*Work instruction*. Please could you give again the lines from the one holding "1. Rustic Plaid" through the final line of the data below, exactly, with no other lines?

Dataset entries

•••••

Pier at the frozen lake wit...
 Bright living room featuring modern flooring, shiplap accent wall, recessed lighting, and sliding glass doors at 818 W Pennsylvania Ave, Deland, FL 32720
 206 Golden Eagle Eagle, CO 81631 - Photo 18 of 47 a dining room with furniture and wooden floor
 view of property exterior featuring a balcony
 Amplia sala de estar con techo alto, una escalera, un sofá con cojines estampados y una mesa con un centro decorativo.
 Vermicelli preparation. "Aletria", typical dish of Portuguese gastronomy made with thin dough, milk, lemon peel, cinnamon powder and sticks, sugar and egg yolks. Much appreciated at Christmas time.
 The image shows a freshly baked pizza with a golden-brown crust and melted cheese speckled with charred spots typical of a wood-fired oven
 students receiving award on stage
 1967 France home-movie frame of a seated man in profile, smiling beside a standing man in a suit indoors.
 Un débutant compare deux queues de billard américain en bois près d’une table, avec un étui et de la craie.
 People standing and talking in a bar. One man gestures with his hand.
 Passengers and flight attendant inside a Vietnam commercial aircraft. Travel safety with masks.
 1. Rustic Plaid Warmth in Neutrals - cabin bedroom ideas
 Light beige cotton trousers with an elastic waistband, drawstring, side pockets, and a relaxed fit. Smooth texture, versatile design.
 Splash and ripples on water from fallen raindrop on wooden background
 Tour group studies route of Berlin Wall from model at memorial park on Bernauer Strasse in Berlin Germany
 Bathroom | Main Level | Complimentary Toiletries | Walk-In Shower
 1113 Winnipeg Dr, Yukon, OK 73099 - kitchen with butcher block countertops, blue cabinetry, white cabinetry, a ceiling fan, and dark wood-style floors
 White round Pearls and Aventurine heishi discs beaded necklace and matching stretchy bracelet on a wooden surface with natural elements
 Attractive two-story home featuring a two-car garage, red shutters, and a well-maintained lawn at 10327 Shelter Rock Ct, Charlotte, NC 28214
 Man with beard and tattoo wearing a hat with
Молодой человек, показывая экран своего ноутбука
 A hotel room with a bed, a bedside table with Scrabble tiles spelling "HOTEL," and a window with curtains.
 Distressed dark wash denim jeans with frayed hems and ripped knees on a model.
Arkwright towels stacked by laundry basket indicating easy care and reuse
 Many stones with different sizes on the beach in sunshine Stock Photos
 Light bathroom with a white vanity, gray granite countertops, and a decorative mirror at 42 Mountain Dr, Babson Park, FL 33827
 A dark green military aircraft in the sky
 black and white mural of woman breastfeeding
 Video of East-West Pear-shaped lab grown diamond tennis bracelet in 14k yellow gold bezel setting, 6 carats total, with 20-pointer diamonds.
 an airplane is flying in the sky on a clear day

•••••

*The completed task*.
 1. Rustic Plaid Warmth in Neutrals - cabin bedroom ideas
 Light beige cotton trousers with an elastic waistband, drawstring, side pockets, and a relaxed fit. Smooth texture, versatile design.
 Splash and ripples on water from fallen raindrop on wooden background
 Tour group studies route of Berlin Wall from model at memorial park on Bernauer Strasse in Berlin Germany
 Bathroom | Main Level | Complimentary Toiletries | Walk-In Shower
 1113 Winnipeg Dr, Yukon, OK 73099 - kitchen with butcher block countertops, blue cabinetry, white cabinetry, a ceiling fan, and dark wood-style floors
 White round Pearls and Aventurine heishi discs beaded necklace and matching stretchy bracelet on a wooden surface with natural elements
 Attractive two-story home featuring a two-car garage, red shutters, and a well-maintained lawn at 10327 Shelter Rock Ct, Charlotte, NC 28214
 Man with beard and tattoo wearing a hat with
Молодой человек, показывая экран своего ноутбука
 A hotel room with a bed, a bedside table with Scrabble tiles spelling "HOTEL," and a window with curtains.
 Distressed dark wash denim jeans with frayed hems and ripped knees on a model.
Arkwright towels stacked by laundry basket indicating easy care and reuse
 Many stones with different sizes on the beach in sunshine Stock Photos
 Light bathroom with a white vanity, gray granite countertops, and a decorative mirror at 42 Mountain Dr, Babson Park, FL 33827
 A dark green military aircraft in the sky
 black and white mural of woman breastfeeding
 Video of East-West Pear-shaped lab grown diamond tennis bracelet in 14k yellow gold bezel setting, 6 carats total, with 20-pointer diamonds.
 an airplane is flying in the sky on a clear day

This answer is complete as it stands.